Despite the ANC’s various failures in government, the election reasserted the party’s dominance of politics in South Africa, while on the other end the opposition seems to be failing to come up with coherent strategies of unseating the ruling party.
It must be stated that probably apart from the EFF, which presented itself as a revolutionary “left of left” party fighting for black empowerment, there isn’t a single party in South Africa that distinguished itself from an ideological standpoint.
It is the bane of all opposition parties in the region.
Liberation parties, such as ANC, Frelimo in Mozambique, and Swapo in Namibia and Zanu-PF here at home on the other hand, are firmly in the driving seat and set to continue dominating politics in the foreseeable future despite a coterie of problems bedevilling them ranging from economic failure, corruption and abuse of power.
In the circumstances, one can actually argue that the post-independence opposition in Africa is generally weak and divided as well as ideologically bankrupt. In fact, judging by our Zimbabwean experiences, lack of ideological grounding appears to be the biggest undoing of opposition political formations.
MDC was formed on the backdrop of the failing Economic Adjustment Programme (ESAP) adopted by the Zanu-PF government at the behest of the IMF and World Bank.
This policy literally ruined Zimbabwe’s industries which were already strained by lack of capital.
The austerity measures imposed by the Bretton Woods institutions led to widespread socio-economic suffering and the erosion of social safety nets as Government abdicated its duty and responsibilities to the people as social services it used to provide were being privatised.
Retrenchments and loss of income became the order of the day and were not helped by droughts.
The resultant economic disaster was to be worsened by the weakening of the Zimbabwean currency.
The local populace became disgruntled.
It was in this setting that MDC emerged as a political formation whose goal was summarised by their slogan ‘chinja maitiro/guqula izenzo’ (change your ways).

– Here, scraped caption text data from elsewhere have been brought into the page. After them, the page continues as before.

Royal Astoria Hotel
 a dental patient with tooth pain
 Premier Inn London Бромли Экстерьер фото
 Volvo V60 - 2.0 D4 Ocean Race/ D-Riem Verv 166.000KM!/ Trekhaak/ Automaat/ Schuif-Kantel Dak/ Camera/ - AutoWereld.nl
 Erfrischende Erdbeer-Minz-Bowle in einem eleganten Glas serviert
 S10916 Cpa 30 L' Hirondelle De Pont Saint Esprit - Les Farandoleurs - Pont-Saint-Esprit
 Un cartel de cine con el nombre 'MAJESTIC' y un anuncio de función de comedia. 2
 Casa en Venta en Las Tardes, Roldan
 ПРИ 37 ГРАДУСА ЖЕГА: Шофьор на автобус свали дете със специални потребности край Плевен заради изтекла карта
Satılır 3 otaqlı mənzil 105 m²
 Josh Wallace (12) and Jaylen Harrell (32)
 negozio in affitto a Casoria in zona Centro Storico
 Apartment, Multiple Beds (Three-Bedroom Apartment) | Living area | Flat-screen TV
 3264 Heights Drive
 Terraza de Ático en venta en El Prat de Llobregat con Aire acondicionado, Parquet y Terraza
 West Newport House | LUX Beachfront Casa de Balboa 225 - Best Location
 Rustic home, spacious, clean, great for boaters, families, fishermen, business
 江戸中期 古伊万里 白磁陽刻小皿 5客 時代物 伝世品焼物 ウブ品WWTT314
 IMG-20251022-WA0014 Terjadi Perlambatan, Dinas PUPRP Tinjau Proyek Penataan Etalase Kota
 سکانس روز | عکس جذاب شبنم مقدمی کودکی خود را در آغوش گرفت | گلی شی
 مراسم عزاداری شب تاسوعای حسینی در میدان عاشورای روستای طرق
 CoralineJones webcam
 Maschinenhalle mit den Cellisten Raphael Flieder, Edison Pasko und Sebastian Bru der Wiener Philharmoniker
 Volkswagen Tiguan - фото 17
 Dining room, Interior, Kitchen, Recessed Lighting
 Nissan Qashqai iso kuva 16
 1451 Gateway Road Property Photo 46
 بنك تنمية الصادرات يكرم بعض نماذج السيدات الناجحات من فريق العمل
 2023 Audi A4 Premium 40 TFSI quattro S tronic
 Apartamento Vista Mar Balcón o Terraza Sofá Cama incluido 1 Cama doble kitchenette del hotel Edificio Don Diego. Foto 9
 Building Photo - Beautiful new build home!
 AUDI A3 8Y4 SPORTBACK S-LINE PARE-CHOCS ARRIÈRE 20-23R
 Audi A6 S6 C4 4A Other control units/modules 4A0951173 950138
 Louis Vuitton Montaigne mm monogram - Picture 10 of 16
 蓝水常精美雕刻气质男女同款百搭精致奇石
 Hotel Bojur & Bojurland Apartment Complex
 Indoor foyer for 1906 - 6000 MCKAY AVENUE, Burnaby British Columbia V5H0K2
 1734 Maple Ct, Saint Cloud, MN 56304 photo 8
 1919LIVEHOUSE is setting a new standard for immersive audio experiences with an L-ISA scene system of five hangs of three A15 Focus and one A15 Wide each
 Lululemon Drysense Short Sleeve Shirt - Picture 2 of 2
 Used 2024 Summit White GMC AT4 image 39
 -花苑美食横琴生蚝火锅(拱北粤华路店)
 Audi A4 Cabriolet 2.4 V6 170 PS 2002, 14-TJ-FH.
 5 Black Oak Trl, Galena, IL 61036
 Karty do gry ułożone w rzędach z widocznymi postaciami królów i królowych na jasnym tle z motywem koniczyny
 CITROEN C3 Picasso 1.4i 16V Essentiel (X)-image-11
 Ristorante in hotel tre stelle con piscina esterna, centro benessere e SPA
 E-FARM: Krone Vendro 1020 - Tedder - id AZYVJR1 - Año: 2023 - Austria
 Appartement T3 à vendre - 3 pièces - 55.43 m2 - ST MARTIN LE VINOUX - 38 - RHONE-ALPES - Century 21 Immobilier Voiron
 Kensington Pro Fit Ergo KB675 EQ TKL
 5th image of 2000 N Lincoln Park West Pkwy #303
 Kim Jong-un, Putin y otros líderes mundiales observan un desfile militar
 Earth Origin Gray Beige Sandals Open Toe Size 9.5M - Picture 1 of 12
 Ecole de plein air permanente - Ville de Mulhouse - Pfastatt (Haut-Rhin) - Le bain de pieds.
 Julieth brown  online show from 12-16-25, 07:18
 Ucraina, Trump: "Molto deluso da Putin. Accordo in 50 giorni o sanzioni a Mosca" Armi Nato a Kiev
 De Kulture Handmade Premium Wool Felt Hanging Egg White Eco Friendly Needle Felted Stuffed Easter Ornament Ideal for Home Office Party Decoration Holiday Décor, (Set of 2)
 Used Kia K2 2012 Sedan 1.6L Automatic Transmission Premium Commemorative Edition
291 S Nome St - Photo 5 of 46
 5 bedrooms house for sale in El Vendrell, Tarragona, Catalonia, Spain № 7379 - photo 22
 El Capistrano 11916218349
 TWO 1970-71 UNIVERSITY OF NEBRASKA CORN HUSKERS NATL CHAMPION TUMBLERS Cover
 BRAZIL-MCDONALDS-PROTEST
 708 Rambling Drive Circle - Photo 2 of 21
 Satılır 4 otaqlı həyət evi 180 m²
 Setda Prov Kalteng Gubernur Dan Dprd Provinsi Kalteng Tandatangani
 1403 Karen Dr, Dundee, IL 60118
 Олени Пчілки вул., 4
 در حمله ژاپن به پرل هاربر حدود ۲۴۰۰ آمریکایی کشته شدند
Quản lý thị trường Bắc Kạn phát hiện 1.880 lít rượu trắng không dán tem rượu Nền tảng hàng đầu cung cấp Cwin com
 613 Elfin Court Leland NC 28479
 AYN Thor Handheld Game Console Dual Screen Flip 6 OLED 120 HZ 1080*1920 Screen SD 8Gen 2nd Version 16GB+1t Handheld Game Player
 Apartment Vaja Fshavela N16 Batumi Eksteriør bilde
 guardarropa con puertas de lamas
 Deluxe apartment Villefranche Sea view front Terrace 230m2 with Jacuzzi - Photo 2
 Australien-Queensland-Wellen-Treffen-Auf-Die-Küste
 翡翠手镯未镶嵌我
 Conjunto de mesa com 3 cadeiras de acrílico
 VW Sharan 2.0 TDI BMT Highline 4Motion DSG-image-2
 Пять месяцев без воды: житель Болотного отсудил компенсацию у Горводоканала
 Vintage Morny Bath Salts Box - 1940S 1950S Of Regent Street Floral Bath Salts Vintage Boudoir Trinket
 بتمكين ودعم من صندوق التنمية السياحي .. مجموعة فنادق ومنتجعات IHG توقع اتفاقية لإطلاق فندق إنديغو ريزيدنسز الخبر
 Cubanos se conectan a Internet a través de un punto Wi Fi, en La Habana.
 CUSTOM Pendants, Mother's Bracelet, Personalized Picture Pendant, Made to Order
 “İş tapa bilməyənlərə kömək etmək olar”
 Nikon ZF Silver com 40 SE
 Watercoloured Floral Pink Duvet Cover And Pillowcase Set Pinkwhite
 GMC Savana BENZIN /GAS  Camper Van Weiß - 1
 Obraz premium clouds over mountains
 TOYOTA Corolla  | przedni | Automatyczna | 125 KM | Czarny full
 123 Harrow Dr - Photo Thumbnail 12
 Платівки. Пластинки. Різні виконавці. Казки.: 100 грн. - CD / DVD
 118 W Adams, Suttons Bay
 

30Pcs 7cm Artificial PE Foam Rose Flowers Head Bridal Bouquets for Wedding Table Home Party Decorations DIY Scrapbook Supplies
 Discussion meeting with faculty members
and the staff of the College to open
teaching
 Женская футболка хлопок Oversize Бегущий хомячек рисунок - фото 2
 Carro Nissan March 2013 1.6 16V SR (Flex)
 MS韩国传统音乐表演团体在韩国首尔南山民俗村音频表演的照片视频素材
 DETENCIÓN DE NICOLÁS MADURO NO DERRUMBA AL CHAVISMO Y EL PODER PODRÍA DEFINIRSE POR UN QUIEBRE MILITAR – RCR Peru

The formation was just a grouping of disgruntled social and civic groups such as students, workers, the urban poor and sections of the middle class.
They were brought together by their distaste of the Zanu-PF establishment. They immediately launched an offensive at Zanu-PF, but what they failed to do was to transform this loose coalition into a political party with a broader transformative agenda and not just the ‘Mugabe must go’ mantra.
It was not long before the lack of ideological grounding began to haunt the movement as it was confronted with the land question.
Some of its partners under the International Socialist Organisation led by Munyaradzi Gwisai felt strongly that MDC must support the acquisition of land by the black population, which hitherto had been crowded in semi-arid and unproductive reserves.
MDC never sat down and crafted an alternative means of distributing land to the landless and thus started to parrot the unsustainable and tired message of the commercial white farmers of the time who were advocating the ‘willing buyer/willing seller’ programme. Gwisai and company were booted out of the movement.
The second test came in 2005 when the then secretary general Welshman Ncube squared off with Tsvangirai, leading to the violent and bloody break-up of the movement. And now after 15 years of existence, MDC has finally all but disbanded into various fractions of its former self.
One can clearly see that the MDC failed to come up with an alternative vision of transforming Zimbabwe, which would go beyond removing Zanu-PF. If they had such a vision, then the Inclusive Government would have been an opportunity to showcase their vision.
Pride Mkono is former president of Zinasu and political commentator.